Based on these assumptions, Fidelity recommends that people save the equivalent of their salary by age 30 and two times their salary by age 35, exponentially increasing their savings as they get older. By age 60, they should have eight times their salary saved, and then 10 times by age 67.
However, this seems like a lofty goal for the average American because elevated inflation has significantly increased the cost of living. Data from actual retirement accounts also suggests Americans are saving far less than what Fidelity recommends.
In its 2025 How America Saves report, Vanguard reported figures for the retirement plans it administers, which includes nearly 5 million participants. According to that data, the average 401(k) balance for Americans 65 and older was just shy of $300,000. In 2024, the average U.S. salary came out to roughly $63,800, so savings of $300,000 would be roughly 4.7 times the average U.S. salary. Furthermore, the median 401(k) balance for Americans age 65 or older was just $95,425, not even twice the median U.S. salary.
Meanwhile, the average individual retirement account (IRA) balance for people between the ages of 60 and 78 came out to slightly over $271,000 at the end of the second quarter of this year, according to data from Fidelity.
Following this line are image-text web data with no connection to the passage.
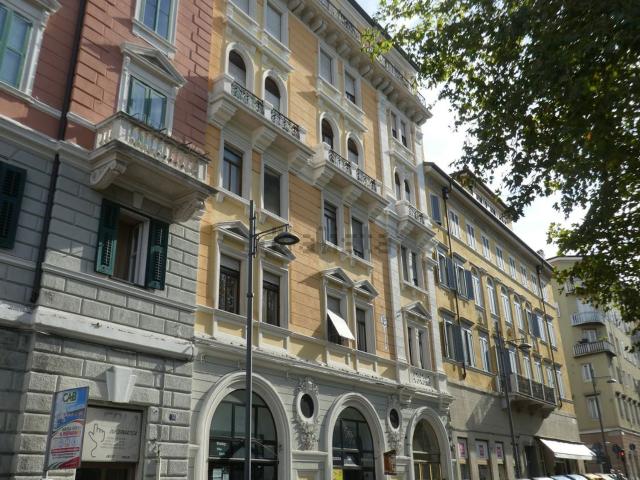 Appartamento in vendita a Barriera Vecchia, Trieste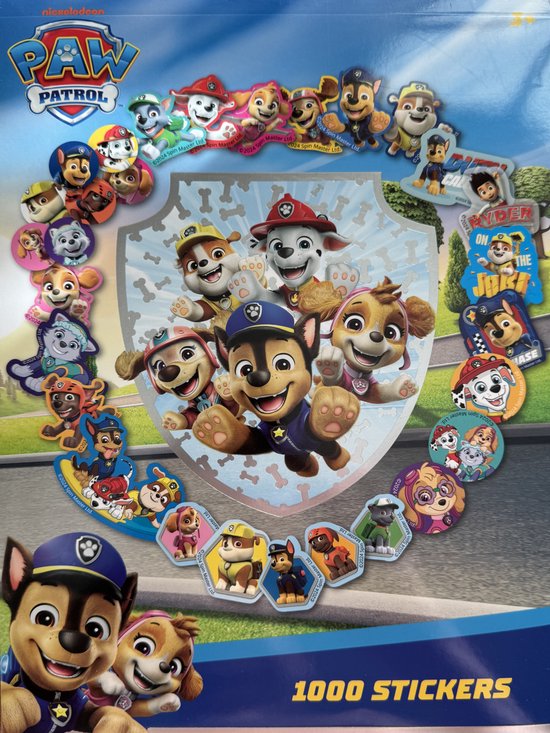 Een grote verzameling Paw Patrol stickers, waaronder de pups Chase, Marshall, Skye en Rubble, die samenwerken.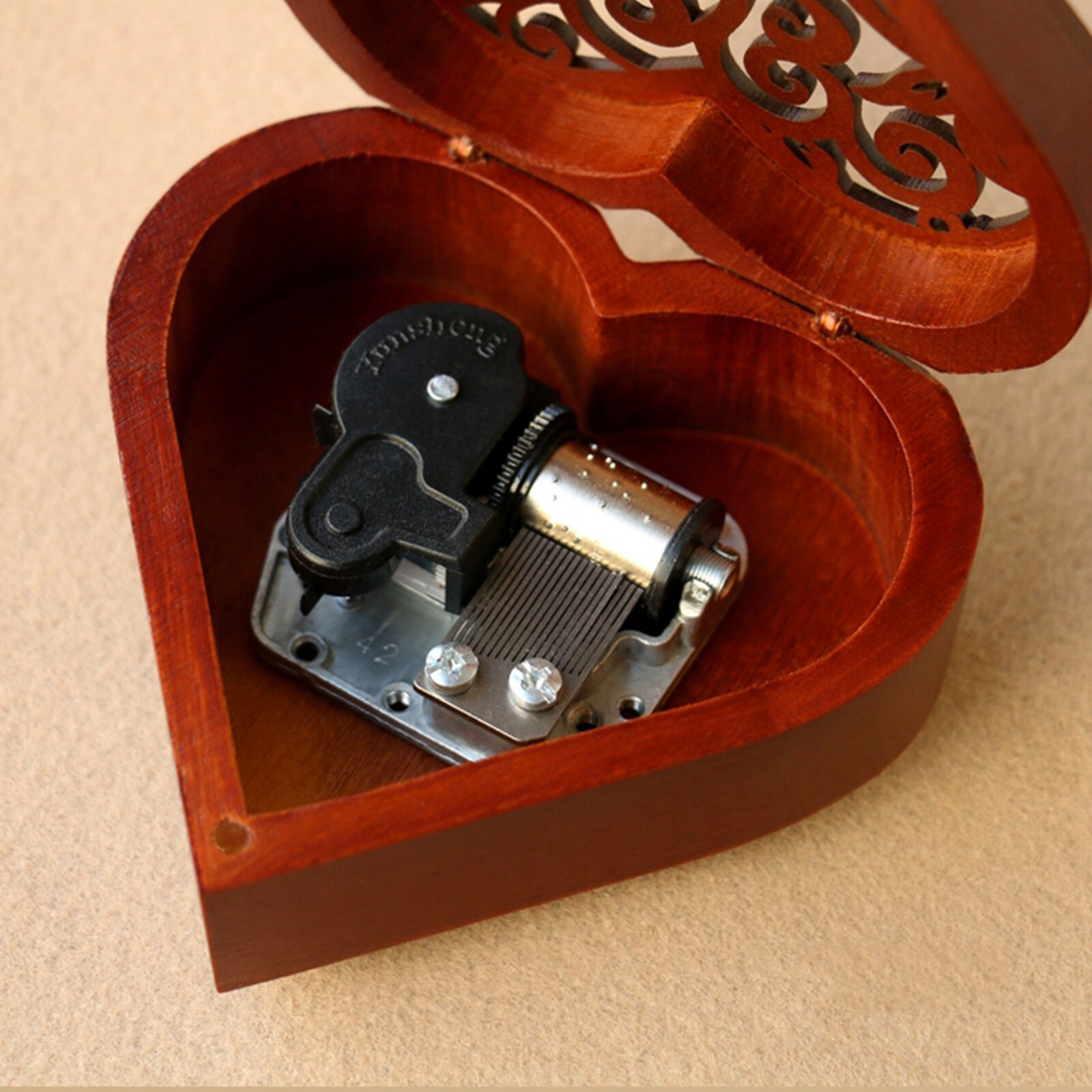 Speciale Muziek Geschenkdoos Hartvormige Vintage Gesneden Hout Mechanisme Windup Muziek Doos Hoilday Cadeaus Voor Moeder Of Vriendin: B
There is no right answer, but try to maximize your savings
As I mentioned above, there is no right answer for how much to save for retirement by age 67, at least not one that applies to everyone. However, you can consider the factors that will determine what is right for you, including your job and financial situation. Your planned lifestyle in retirement is also important. Some people choose to live simpler lives that incur few expenses, while others want to purchase second homes and travel, which is obviously going to require more savings.
Regardless of how much money you make or your goals for retirement, the key is to try to maximize your savings. One way to do this is by setting aside some funds every year for your 401(k) or IRA. It doesn't necessarily have to be 15% of your annual income, but consistency goes a long way. The other big way to maximize savings is to start saving and investing as soon as possible in your career with a long-term time horizon because the power of compounding can accumulate significant wealth over a few decades.
Workers don't need to be aggressive when they invest, either. Target date mutual funds or exchange-traded funds tracking popular indexes like the S&P 500 can go a long way.